▶ **What the exercise asks**: Go through the listing and copy each line that has the string "have" in it.

Data: Begin

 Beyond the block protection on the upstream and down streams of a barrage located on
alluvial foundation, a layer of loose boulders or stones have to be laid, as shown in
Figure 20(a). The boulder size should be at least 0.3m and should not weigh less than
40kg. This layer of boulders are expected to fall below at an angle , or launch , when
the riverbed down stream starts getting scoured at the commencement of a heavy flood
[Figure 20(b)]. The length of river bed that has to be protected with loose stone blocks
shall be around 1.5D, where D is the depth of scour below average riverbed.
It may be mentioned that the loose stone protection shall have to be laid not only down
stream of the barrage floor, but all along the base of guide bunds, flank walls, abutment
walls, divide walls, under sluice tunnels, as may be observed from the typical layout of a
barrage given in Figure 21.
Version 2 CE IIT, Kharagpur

Data: End
Data: Begin

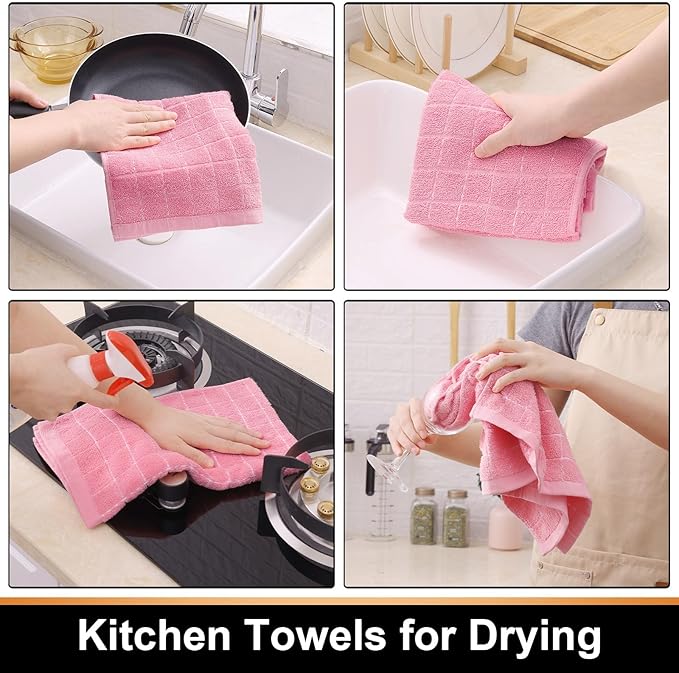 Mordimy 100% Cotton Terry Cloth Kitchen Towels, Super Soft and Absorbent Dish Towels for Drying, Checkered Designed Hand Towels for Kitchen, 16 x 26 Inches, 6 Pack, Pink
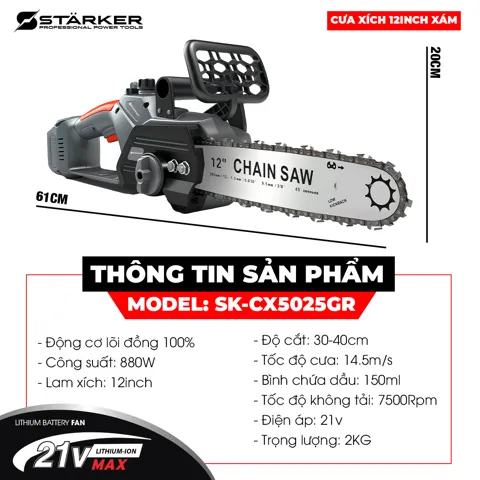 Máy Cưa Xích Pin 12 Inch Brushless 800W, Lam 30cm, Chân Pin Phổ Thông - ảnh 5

Data: End

▶ **Task answer**:
alluvial foundation, a layer of loose boulders or stones have to be laid, as shown in
It may be mentioned that the loose stone protection shall have to be laid not only down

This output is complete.